The Mill at Sonning - Love, Loss, and What I Wore
6th August to 26th September 2015.
Review from the Newbury Weekly News.
From the writers of When Harry Met Sally
A scrapbook of women's stories entertains The Mill at Sonning
Love, Loss and What I Wore, at The Mill at Sonning, until Saturday September 26
You might think a show with this title had been written by the late Ernie Wise but no, the famous Ephron Sisters, Nora and Delia, wrote it and it became a big hit in New York in 2009.
The sisters took the memoir of Ilene Beckerman, working on the theory that 'if you ask women about their clothes, they tell you about their lives'. So they came up with this fascinating collection of sketches, what they wrote.
The Ephron sisters, you may recall, were famous for writing the screenplay of the film When Harry Met Sally with its evergreen scene of the fake orgasm in a restaurant. You know, the one where the woman at the next table famously says "I'll have what she's having"? Think of that sequence and you get a good idea of where this show is going. This is the UK premiere and the tales of fashion disasters, love affairs gone wrong, dress colours, shoe types, prom dresses, traumatic lighting in fitting rooms, short skirts, bras sizes and such will have every woman in the audience smiling and nodding agreement and men either saying 'Yes, I know all about that' or 'Well, I never would have thought…'
The show has some winning performances – from Rula Lenska, coy but acid-tongued, and in particular Louise Jameson, who combines just the right amount, of warmth, pathos, anger and humility into her character Rachel Fielding is mostly vulnerable but a fighter, so too is Sarah Lawrie and Cleo Sylvestre will ring bells for many women as she loves high heels, looks great in them but 'they hurt my feet so'.

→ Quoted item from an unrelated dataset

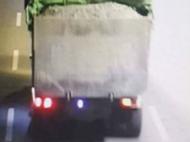 渣土車自帶“馬賽克”躲避監(jiān)控管理 宿州鐵騎出動(dòng)查處
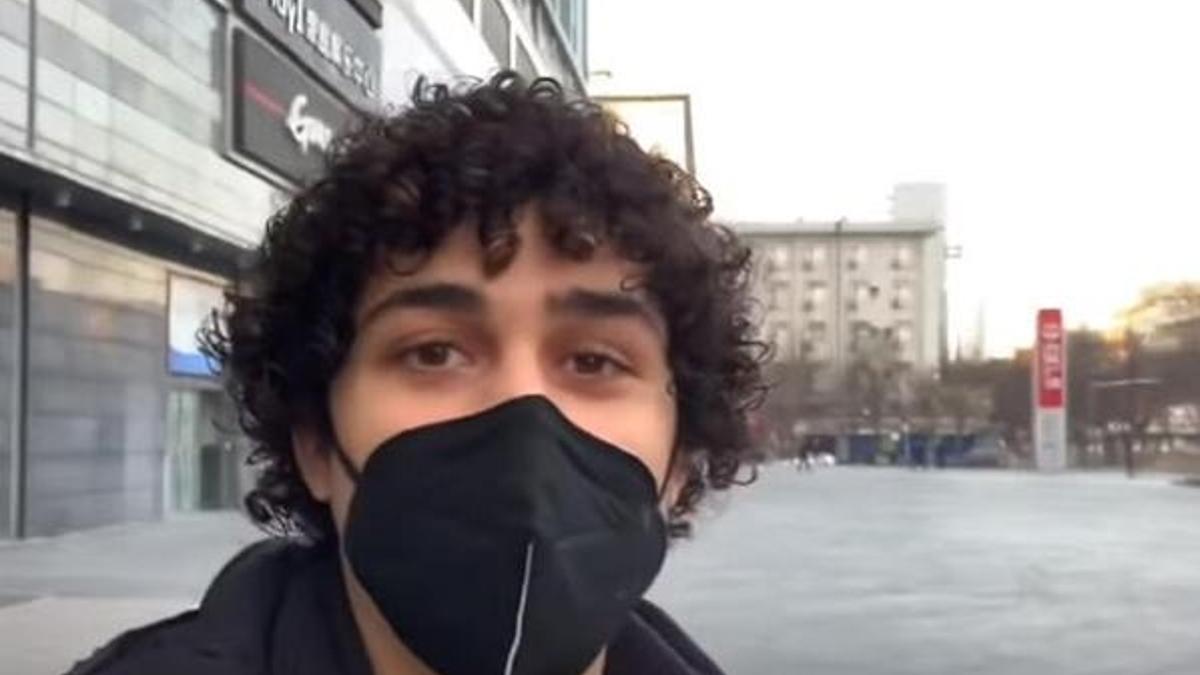 Corona virüsü anlatan Türk öğretmene Çin'e giriş yasağı geldi!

The show starts innocuously enough, with Louise lamenting her mother's choice of dress for her at 13 years old, but towards the end, Sarah's heartfelt tale of disaster when only the colour of her bright red dress avoids total humiliation, will likely strike a few chords of recognition. Maybe she should have dipped deeper into that handbag containing tissues, lip balm, biscuit crumbs and disintegrating tampons.
Director Sarah Berger along with Eileen Diss, designer and Jane Kidd, costume designer complete an almost all female cast and crew. Matt Smee's sound and projection design for the screen images was crucial though in terms of timing. You needed him girls.